* **Problem**:
The first line of the entries through the line bearing "3020 NE 32nd": copy these lines exactly and return nothing else.

* **Entries shown**:

*** Block opens ***

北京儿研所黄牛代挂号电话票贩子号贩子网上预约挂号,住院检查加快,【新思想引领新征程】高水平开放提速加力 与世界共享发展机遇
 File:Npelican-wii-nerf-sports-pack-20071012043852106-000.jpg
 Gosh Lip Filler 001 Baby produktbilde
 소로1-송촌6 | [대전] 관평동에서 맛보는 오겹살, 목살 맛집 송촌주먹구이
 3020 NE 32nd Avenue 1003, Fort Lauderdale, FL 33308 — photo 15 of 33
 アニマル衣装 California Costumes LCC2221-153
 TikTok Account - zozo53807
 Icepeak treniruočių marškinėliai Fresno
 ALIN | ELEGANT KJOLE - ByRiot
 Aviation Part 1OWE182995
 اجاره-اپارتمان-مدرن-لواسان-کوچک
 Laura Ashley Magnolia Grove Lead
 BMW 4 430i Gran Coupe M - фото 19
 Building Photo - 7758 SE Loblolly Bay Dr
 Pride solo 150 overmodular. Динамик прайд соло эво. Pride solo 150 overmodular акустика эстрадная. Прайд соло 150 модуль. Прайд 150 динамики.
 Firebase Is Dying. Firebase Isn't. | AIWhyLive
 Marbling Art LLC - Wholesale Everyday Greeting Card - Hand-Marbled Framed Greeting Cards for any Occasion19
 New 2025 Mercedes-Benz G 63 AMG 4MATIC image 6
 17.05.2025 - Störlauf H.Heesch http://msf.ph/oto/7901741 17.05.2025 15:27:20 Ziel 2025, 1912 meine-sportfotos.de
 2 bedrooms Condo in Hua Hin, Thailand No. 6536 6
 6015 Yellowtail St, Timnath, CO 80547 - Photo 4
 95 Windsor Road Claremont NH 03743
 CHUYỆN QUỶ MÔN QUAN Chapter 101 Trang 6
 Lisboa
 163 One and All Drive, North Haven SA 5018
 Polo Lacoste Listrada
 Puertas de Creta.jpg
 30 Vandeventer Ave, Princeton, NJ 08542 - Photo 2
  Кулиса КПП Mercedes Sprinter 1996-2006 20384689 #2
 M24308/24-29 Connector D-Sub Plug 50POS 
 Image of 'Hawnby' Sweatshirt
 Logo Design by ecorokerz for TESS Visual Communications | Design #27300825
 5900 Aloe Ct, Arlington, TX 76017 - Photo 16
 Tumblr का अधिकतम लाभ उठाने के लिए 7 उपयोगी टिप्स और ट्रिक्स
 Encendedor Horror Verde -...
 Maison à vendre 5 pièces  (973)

*** Block closes ***

* **Reply to the task**:
北京儿研所黄牛代挂号电话票贩子号贩子网上预约挂号,住院检查加快,【新思想引领新征程】高水平开放提速加力 与世界共享发展机遇
 File:Npelican-wii-nerf-sports-pack-20071012043852106-000.jpg
 Gosh Lip Filler 001 Baby produktbilde
 소로1-송촌6 | [대전] 관평동에서 맛보는 오겹살, 목살 맛집 송촌주먹구이
 3020 NE 32nd Avenue 1003, Fort Lauderdale, FL 33308 — photo 15 of 33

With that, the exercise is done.